Wer fürchtet sich vor der Vogelgrippe?

Die Vogelgrippe H5N1 ist auf Säugetiere übergesprungen, zuletzt auch auf Milchkühe. Ein Versuch einer Einordnung der letzten Entwicklungen.

Wer fürchtet sich vor der Vogelgrippe?

Die wichtigsten Punkte

  • Das Vogelgrippe-Virus A/H5N1 ist zuletzt vermehrt in den Nachrichten, da es in recht kurzer Zeit Wildvogelbestände auf der ganzen Welt erfasst und dezimiert, zu Ansteckungen bei mehr als 40 Säugetierarten geführt und zuletzt auch Milchkühe in mehreren US-Bundesstaaten erwischt hat.
  • Es stellt aktuell keine Gefahren für Menschen dar. Die wenigen infizierten Personen hatten engen Kontakt mit erkrankten Tieren. Die meisten Betroffenen hatten nur geringe Symptome, es kam aber auch zu schweren Verläufen. Bei den ersten Subvarianten bis ca. 2015 starb dagegen fast die Hälfte der Erkrankten.
  • Die dynamische Situation birgt aber die Gefahr mit sich, dass ein auf Säugetiere und Menschen adaptiertes H5N1-Virus entsteht. Wenn das passiert, könnte das der Ausgangspunkt für eine neue Pandemie sein.
  • Die Triebfeder der Entwicklung seit dem Auftauchen der hochpathogenen Subvariante des H5N1-Virus ist - wieder einmal - die Massentierhaltung.

"H5N1 Uncertainty"

Anfang April steckte sich ein Texaner mit der Vogelgrippe an, genauer gesagt mit dem Influenzavirus A/H5N1. Er erkrankte nur leicht, eine Bindehautentzündung der Augen war alles. Trotzdem sorgte der Fall für einige Aufregung in der Fachwelt. Denn fast alle bisher mit der Vogelgrippe angesteckten Menschen waren Arbeiter auf Geflügelfarmen und hatten engen Kontakt mit infizierten Vögeln gehabt. Der Mann in Texas arbeitete aber auf einer Rinderfarm und steckte sich an infizierten Milchkühen an.

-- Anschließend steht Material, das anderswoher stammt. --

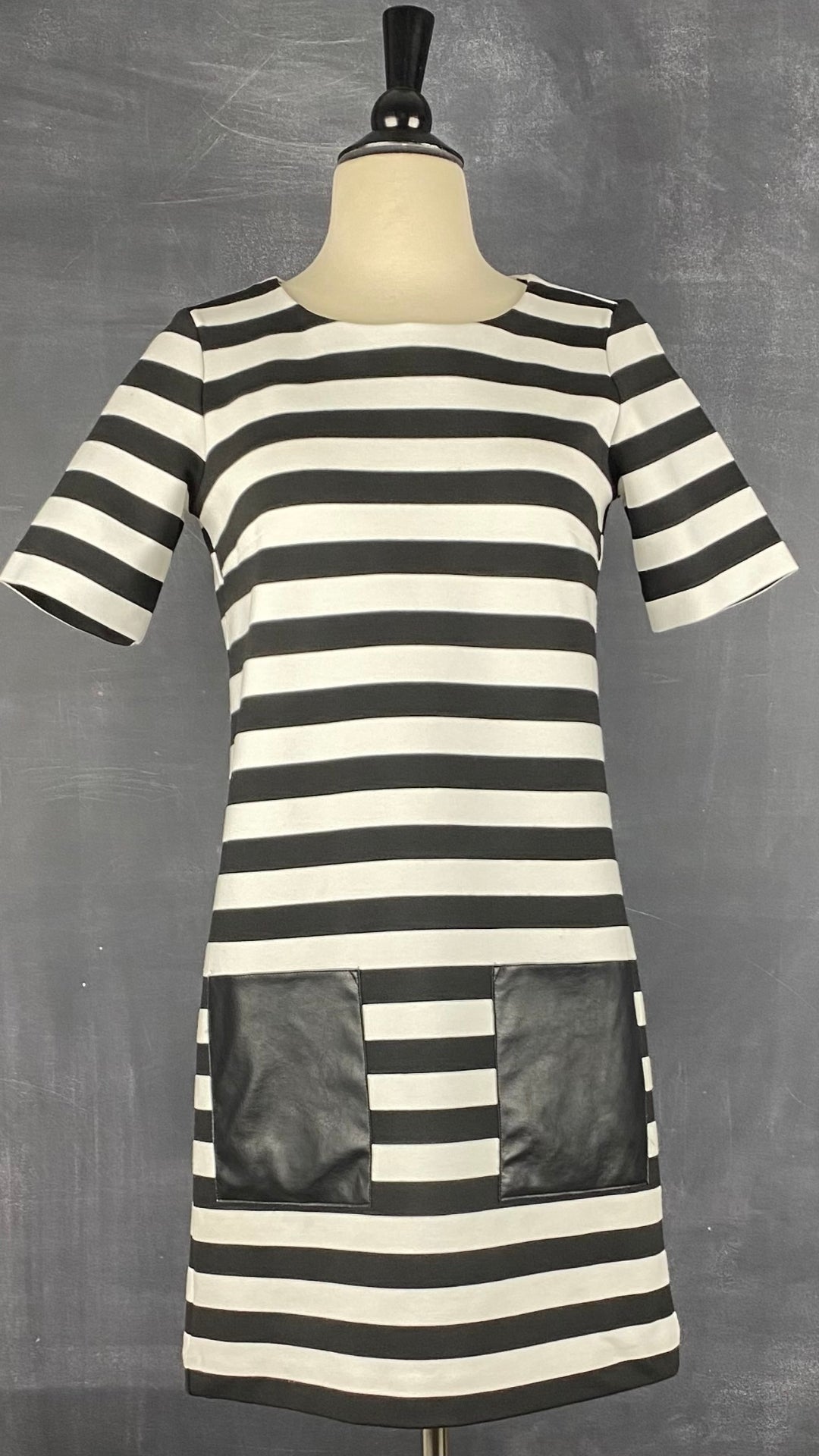 Robe droite à rayures et poches plaquées en faux cuir Club Monaco, taille 0. Vue de face.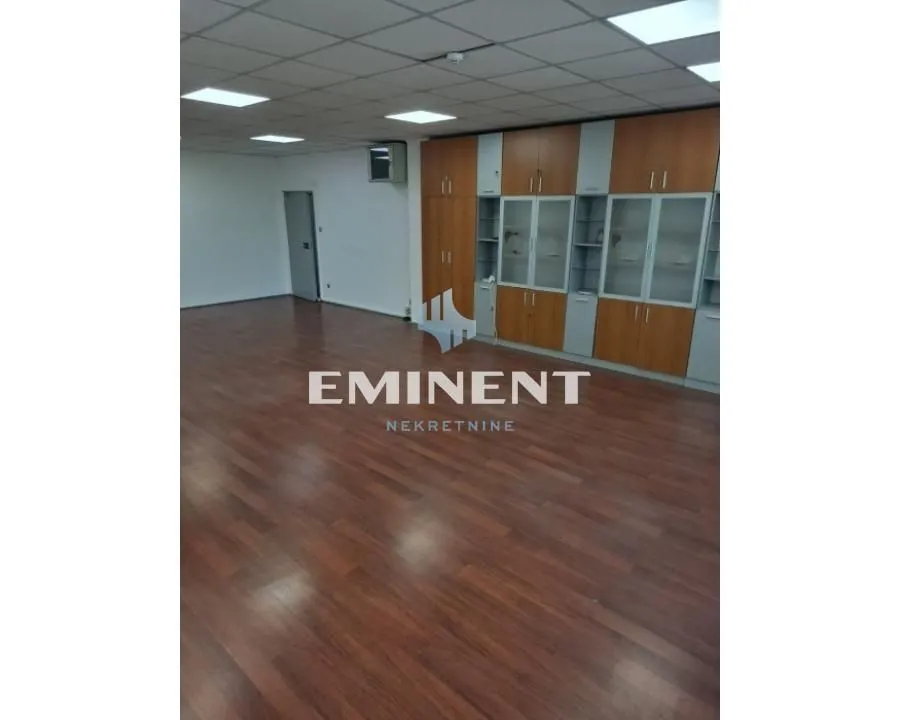 Rent, office space, 200m², Novi Beograd Blok 37, Novi Beograd Sve Podlokacije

Das ist ungewöhnlich und sorgte dafür, dass zum Beispiel der Infektionsepidemiologie Michael Osterholm, Direktor des Center for Infectious Disease Research and Policy (CIDRAP) an der Universität Minnesota, seinen Podcast vom 4.April "H5N1 Uncertainty" titelte. Osterholm hat sein halbes Leben mit der Erforschung der Influenzaviren verbracht und an sich das Risiko eines Überspringens der Vogelgrippe auf die Menschen als gering erachtet. Jetzt sagt er in seinem Podcast:

"Ich schließe mich der Einschätzung der WHO und der CDC an, dass das Risiko für den Menschen nach wie vor gering ist. Das kann sich aber innerhalb eines Herzschlags ändern. Deshalb müssen wir alles tun, was wir können, um besser vorbereitet zu sein."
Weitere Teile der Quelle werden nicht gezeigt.